- _The records_:

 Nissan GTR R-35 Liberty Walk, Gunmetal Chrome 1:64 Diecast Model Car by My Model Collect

* * *

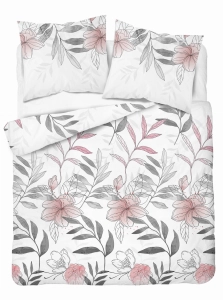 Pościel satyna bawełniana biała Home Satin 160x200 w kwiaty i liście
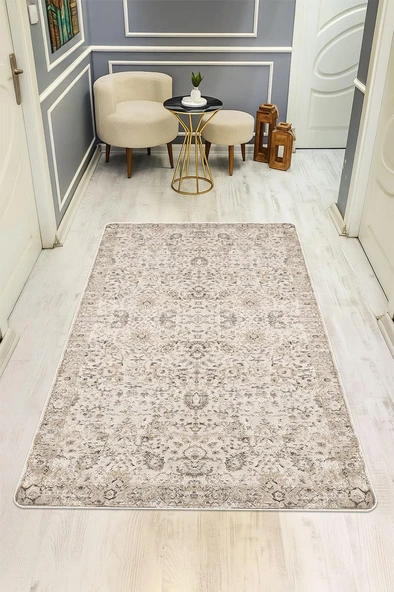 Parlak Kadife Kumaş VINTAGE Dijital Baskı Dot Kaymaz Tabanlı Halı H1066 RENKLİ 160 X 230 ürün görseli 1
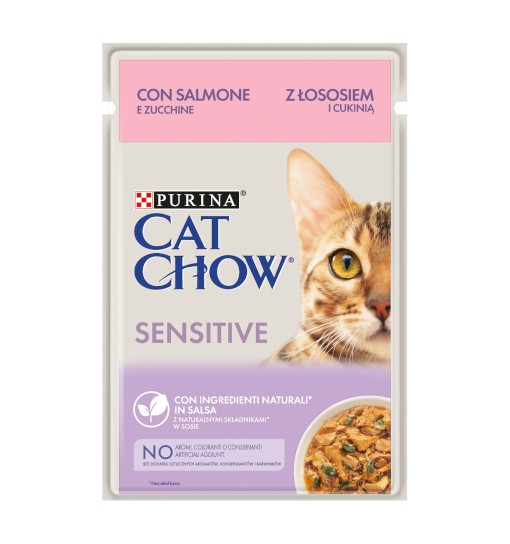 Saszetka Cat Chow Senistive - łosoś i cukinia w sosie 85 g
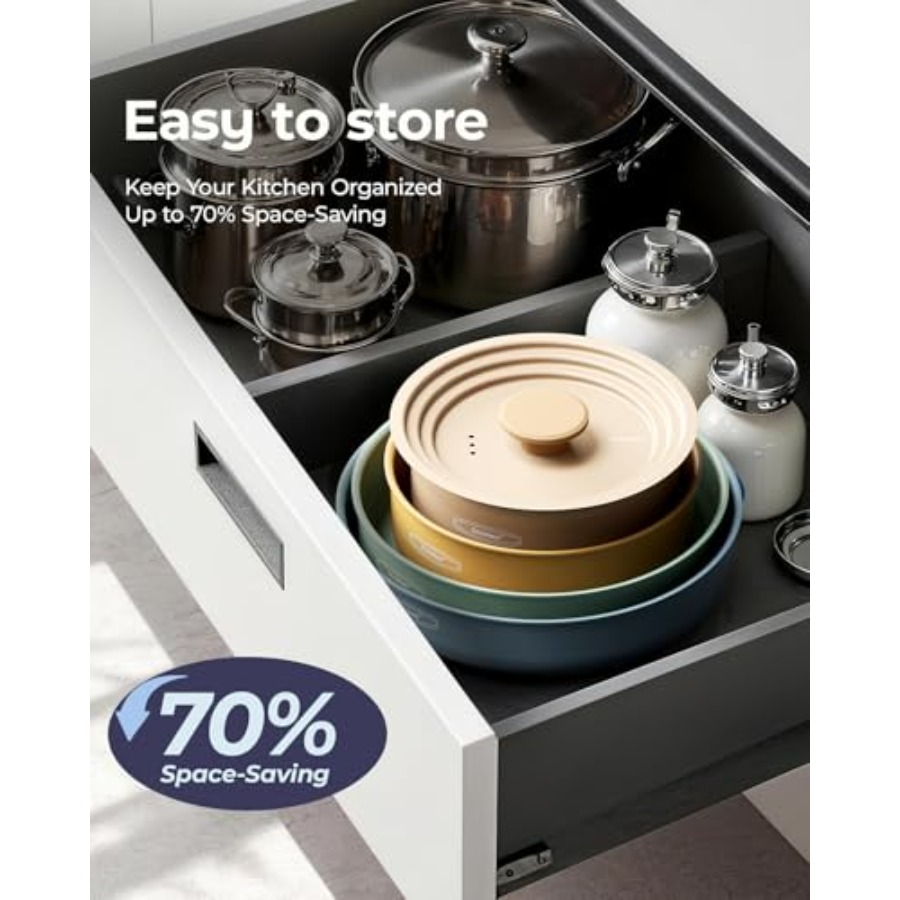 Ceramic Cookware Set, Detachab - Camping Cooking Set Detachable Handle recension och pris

- _Action item_:
Look above for the line with "Parlak Kadife Kumaş", then give again exactly every line from there through the line with "Ceramic Cookware Set, Detachab", skipping the pictures.

- _Result of this task_:
 Parlak Kadife Kumaş VINTAGE Dijital Baskı Dot Kaymaz Tabanlı Halı H1066 RENKLİ 160 X 230 ürün görseli 1
 Saszetka Cat Chow Senistive - łosoś i cukinia w sosie 85 g
 Ceramic Cookware Set, Detachab - Camping Cooking Set Detachable Handle recension och pris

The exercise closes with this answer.